**TASK PROMPT:** Output range, inclusive: from the line containing "Seebad Octopus Pirate" to the line containing "FROGG TOGGS Men¡¯s". Restate those lines from the data below word for word and only those.

**DATA UNDER STUDY:**
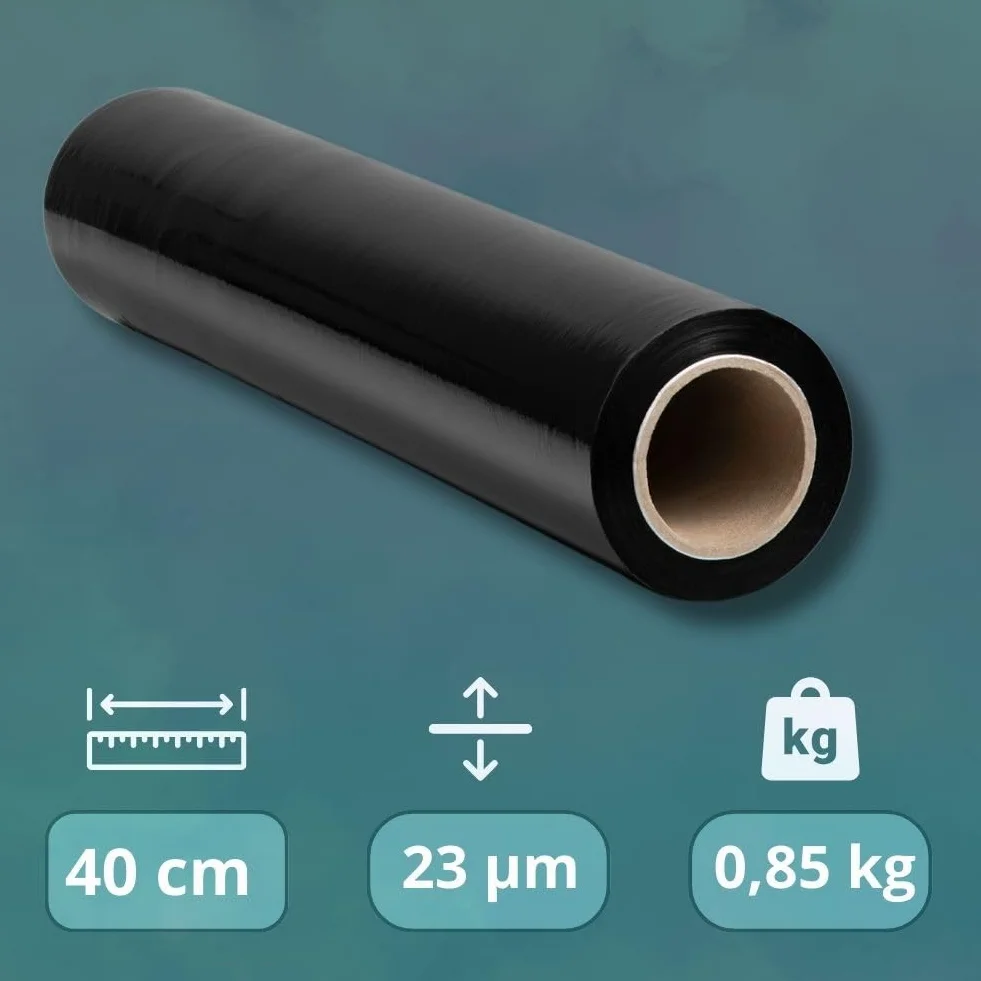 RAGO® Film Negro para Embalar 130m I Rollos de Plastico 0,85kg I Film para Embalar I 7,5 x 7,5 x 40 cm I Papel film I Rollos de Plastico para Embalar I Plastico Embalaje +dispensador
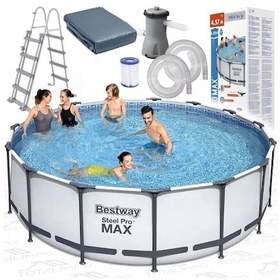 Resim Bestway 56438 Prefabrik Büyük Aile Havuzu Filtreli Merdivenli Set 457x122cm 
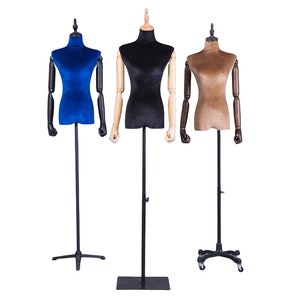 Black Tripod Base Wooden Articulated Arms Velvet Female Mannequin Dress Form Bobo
--
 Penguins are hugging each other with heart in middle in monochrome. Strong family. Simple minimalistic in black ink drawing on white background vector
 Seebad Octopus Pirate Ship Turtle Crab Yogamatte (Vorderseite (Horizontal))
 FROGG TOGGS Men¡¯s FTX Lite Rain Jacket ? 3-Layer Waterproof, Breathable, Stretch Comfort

**EXERCISE RESPONSE:**
 Seebad Octopus Pirate Ship Turtle Crab Yogamatte (Vorderseite (Horizontal))
 FROGG TOGGS Men¡¯s FTX Lite Rain Jacket ? 3-Layer Waterproof, Breathable, Stretch Comfort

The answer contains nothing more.